## Task goal
Nothing but the lines from the one showing "Pozostała odzież narciarska" through the final line of the data below belongs in the answer, duplicated exactly and without pictures.
[[ Raw data open ]]
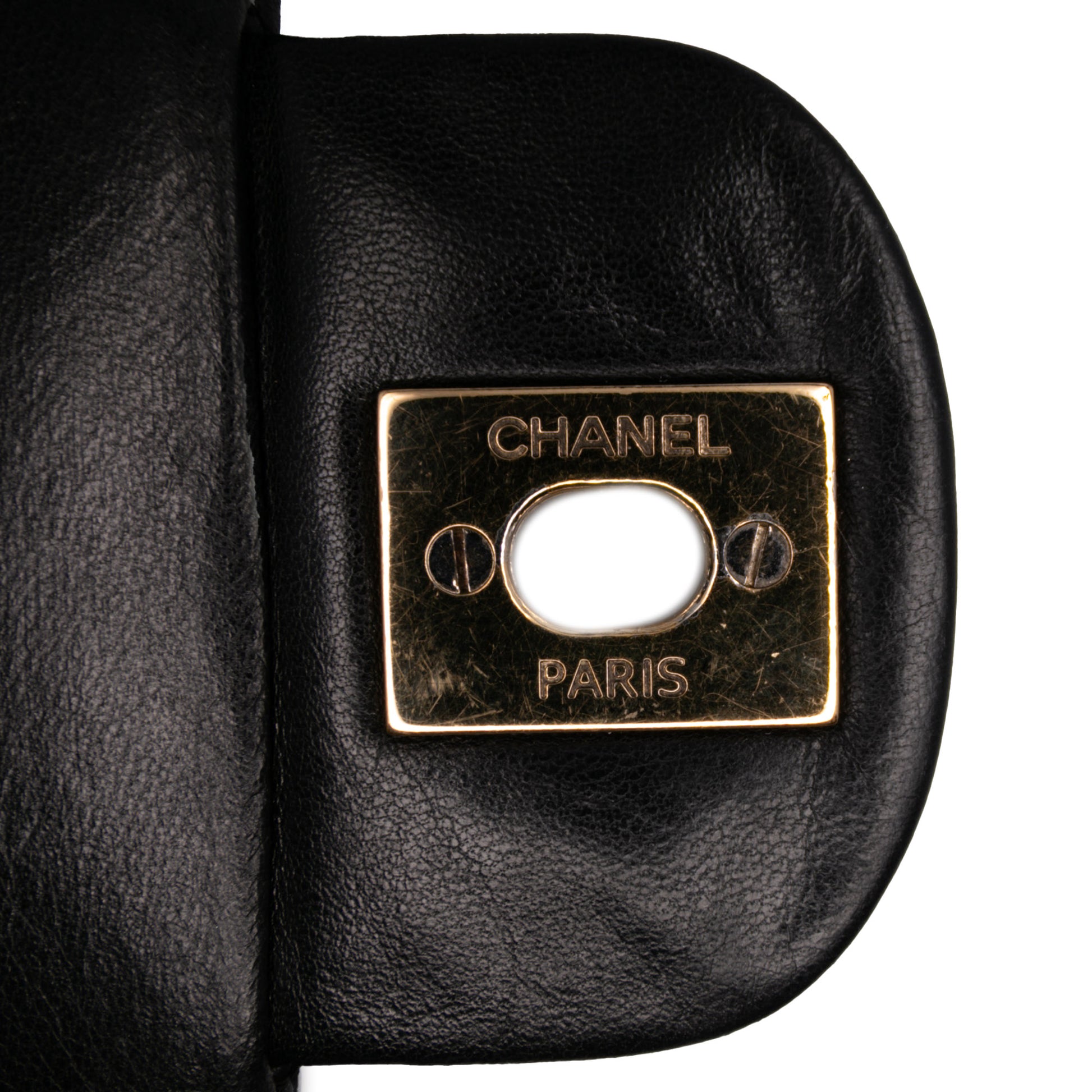 Chanel Medium Classic Lambskin Valentines Heart Charms Single Flap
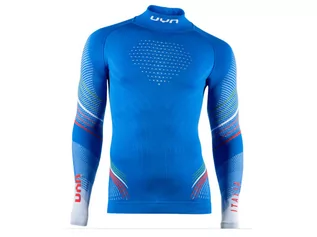 Pozostała odzież narciarska - UYN UYN Natyon 2.0 UW LS Turtle Neck Shirt, niebieski L/XL 2021 Koszulki bazowe termiczne i narciarskie U100197-T035-L/XL - grafika 1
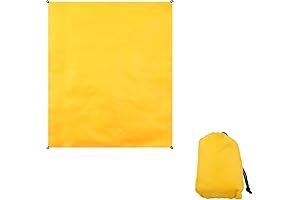 Vivacious Yellow Picnic Blanket: Elevate Summer Gatherings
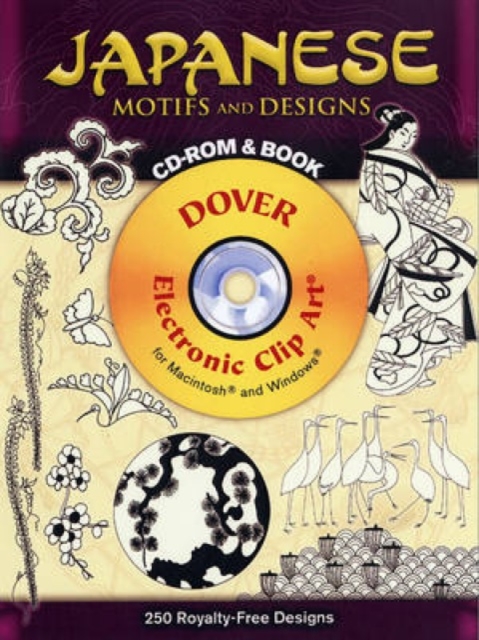 Japanese Motifs and Designs, Mixed media product Book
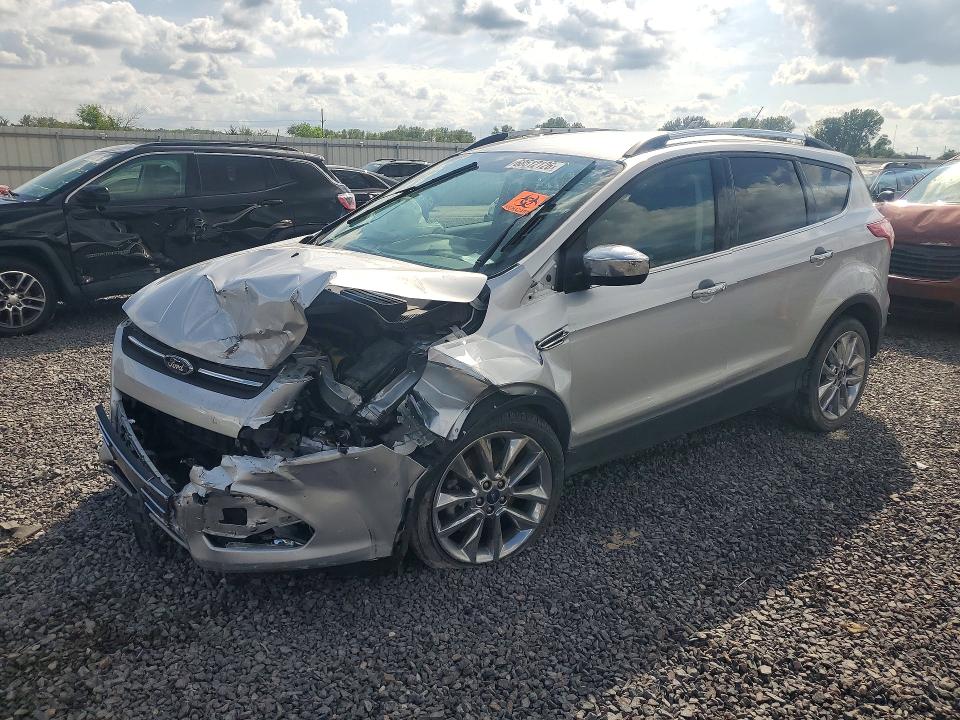 2016 Ford Escape მანქანა იყიდება აუქციონზე, vin: 1FMCU9GX4GUB07205, აუქციონის ნომერი: 68512126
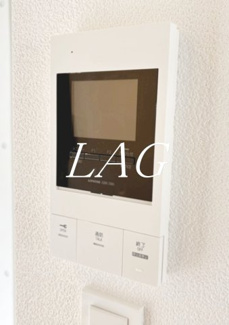 【セキュリティ】 | イートス東十条 | モニター付きインターホンになります。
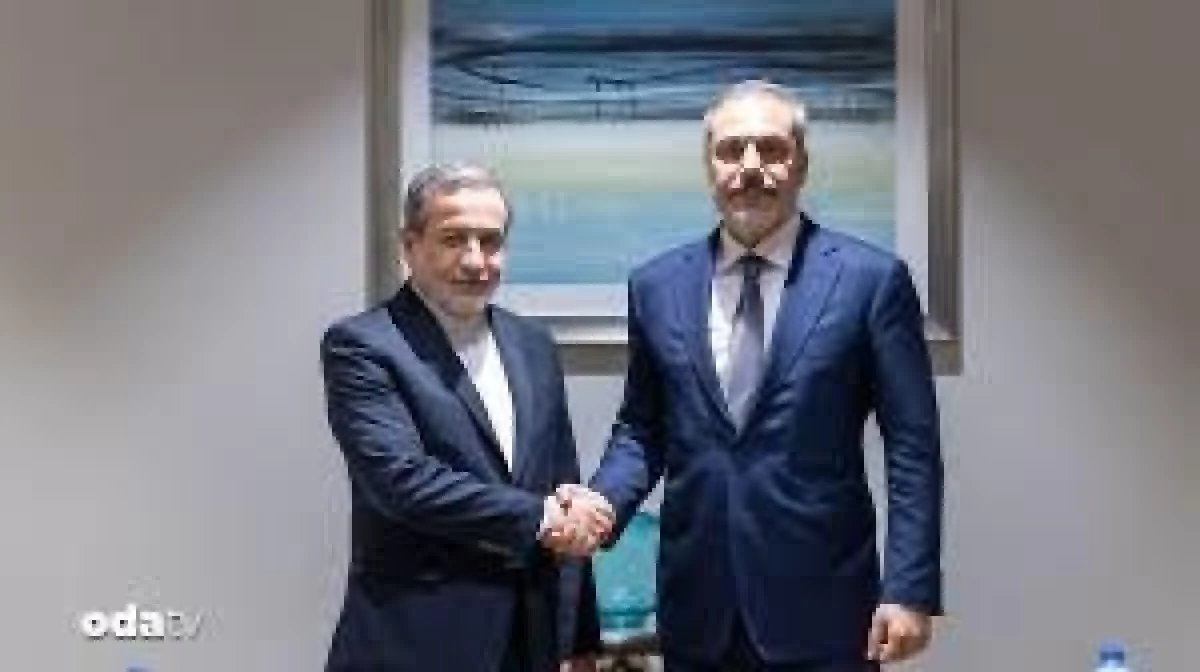 İran Dışişleri Bakanı Arak&ccedil;i, yarın T&uuml;rkiye'yi ziyaret edecek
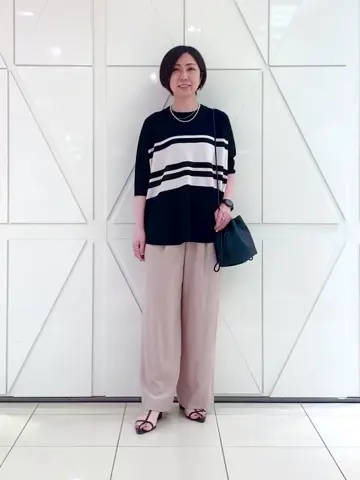 ICB 小田桐 コーディネート画像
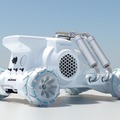 モリタの水を使わない消防車『Habot-mini（ハボットミニ）』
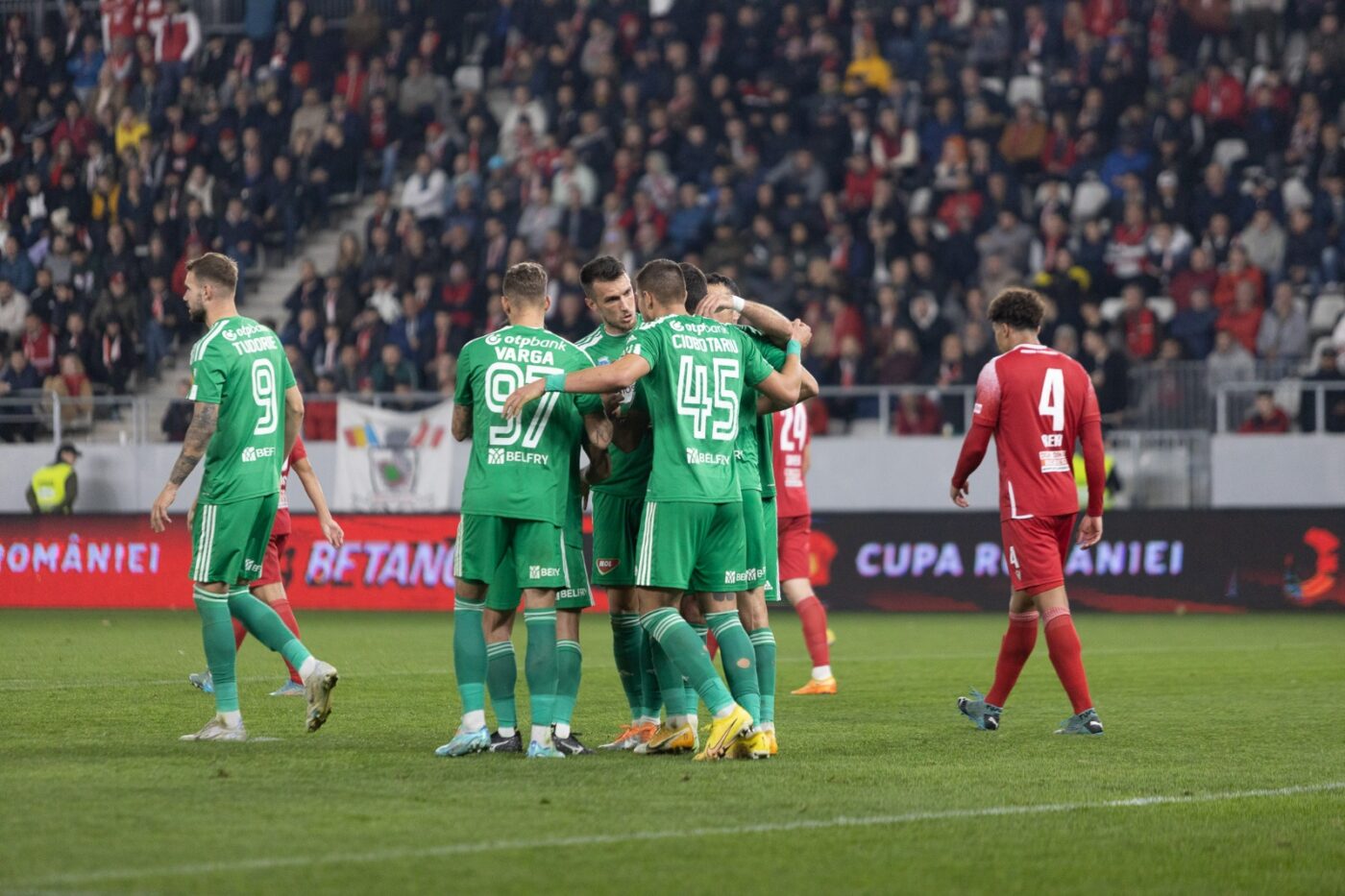 Dinamo – Sepsi 0-2, Live Video Online, în Cupa României Betano. Covăsnenii își dublează avantajul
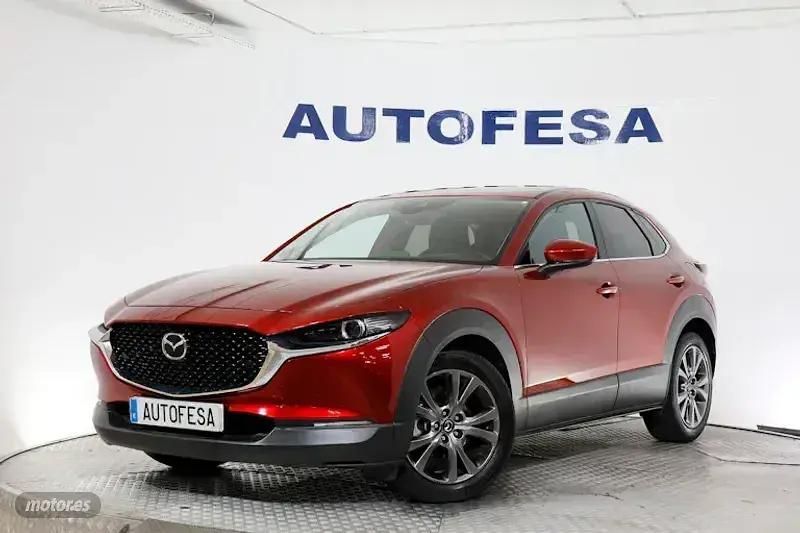 Rojo Usado 2022 Mazda CX-30 SUV | 23.850 € (Buen precio) - Imagen 1/4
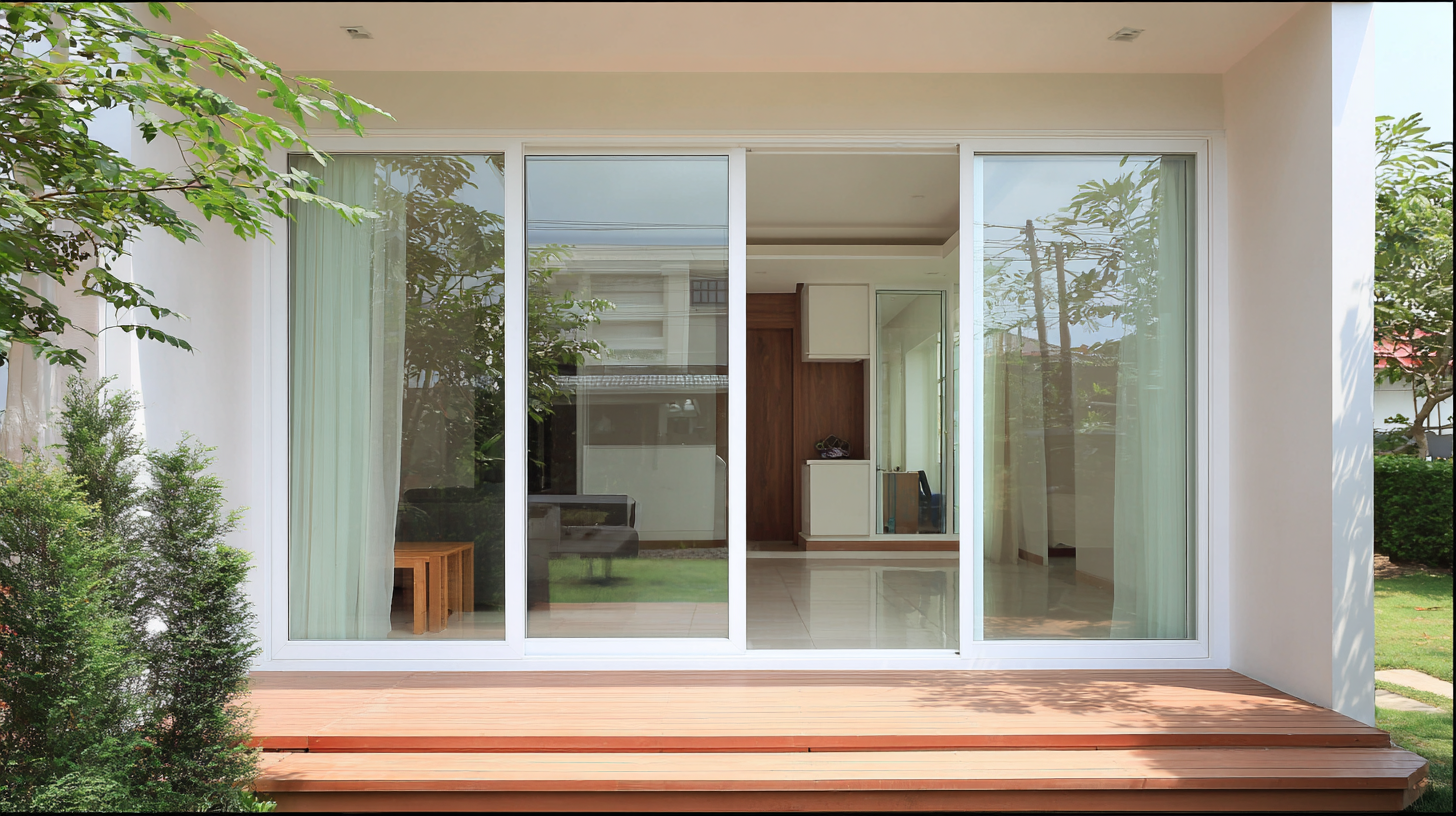 The Benefits of Choosing Aluminium Sliding Doors for Modern Homes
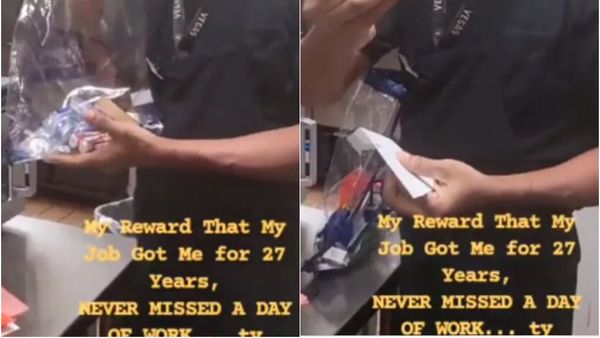 Ce „cadou special” a primit un angajat cunoscut după 27 de ani de muncă fără nicio zi liberă? Bărbatul a izbucnit în lacrimi de fericire: „Nu pot să cred”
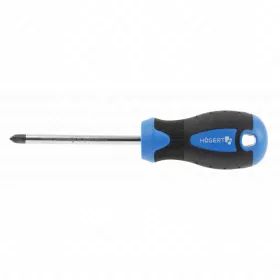   Csavarhúzó mágneses, csillag fejű, PH1 x 100 mm szár, HÖGERT HT1S024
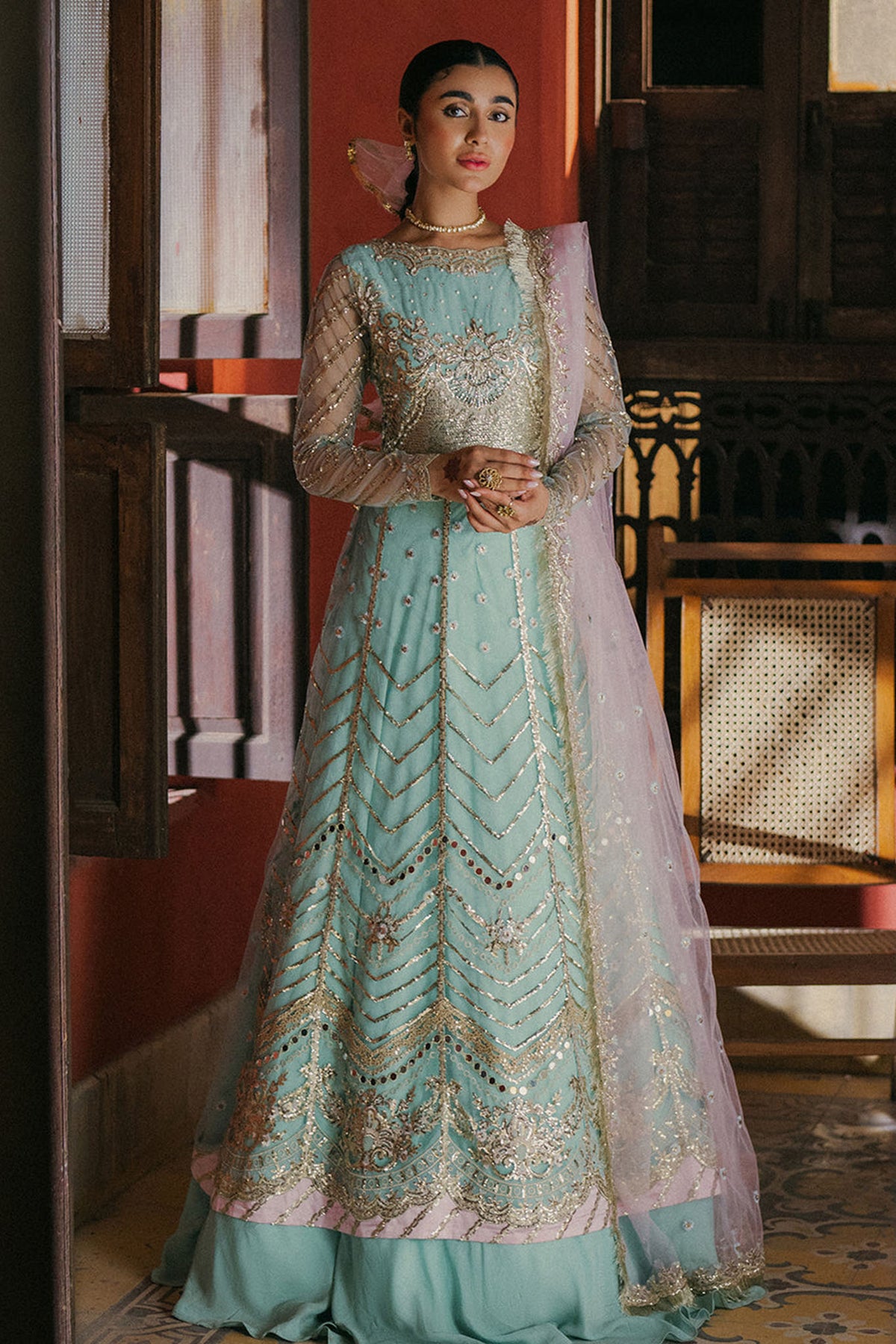 Pehli Si Mohabbat By Roheenaz Unstitched 3 Piece Luxury Wedding Collection'2024-RWD-02-Aarzo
[[ Raw data closed ]]
## Answer space
 Pozostała odzież narciarska - UYN UYN Natyon 2.0 UW LS Turtle Neck Shirt, niebieski L/XL 2021 Koszulki bazowe termiczne i narciarskie U100197-T035-L/XL - grafika 1
 Vivacious Yellow Picnic Blanket: Elevate Summer Gatherings
 Japanese Motifs and Designs, Mixed media product Book
 2016 Ford Escape მანქანა იყიდება აუქციონზე, vin: 1FMCU9GX4GUB07205, აუქციონის ნომერი: 68512126
 【セキュリティ】 | イートス東十条 | モニター付きインターホンになります。
 İran Dışişleri Bakanı Arak&ccedil;i, yarın T&uuml;rkiye'yi ziyaret edecek
 ICB 小田桐 コーディネート画像
 モリタの水を使わない消防車『Habot-mini（ハボットミニ）』
 Dinamo – Sepsi 0-2, Live Video Online, în Cupa României Betano. Covăsnenii își dublează avantajul
 Rojo Usado 2022 Mazda CX-30 SUV | 23.850 € (Buen precio) - Imagen 1/4
 The Benefits of Choosing Aluminium Sliding Doors for Modern Homes
 Ce „cadou special” a primit un angajat cunoscut după 27 de ani de muncă fără nicio zi liberă? Bărbatul a izbucnit în lacrimi de fericire: „Nu pot să cred”
   Csavarhúzó mágneses, csillag fejű, PH1 x 100 mm szár, HÖGERT HT1S024
 Pehli Si Mohabbat By Roheenaz Unstitched 3 Piece Luxury Wedding Collection'2024-RWD-02-Aarzo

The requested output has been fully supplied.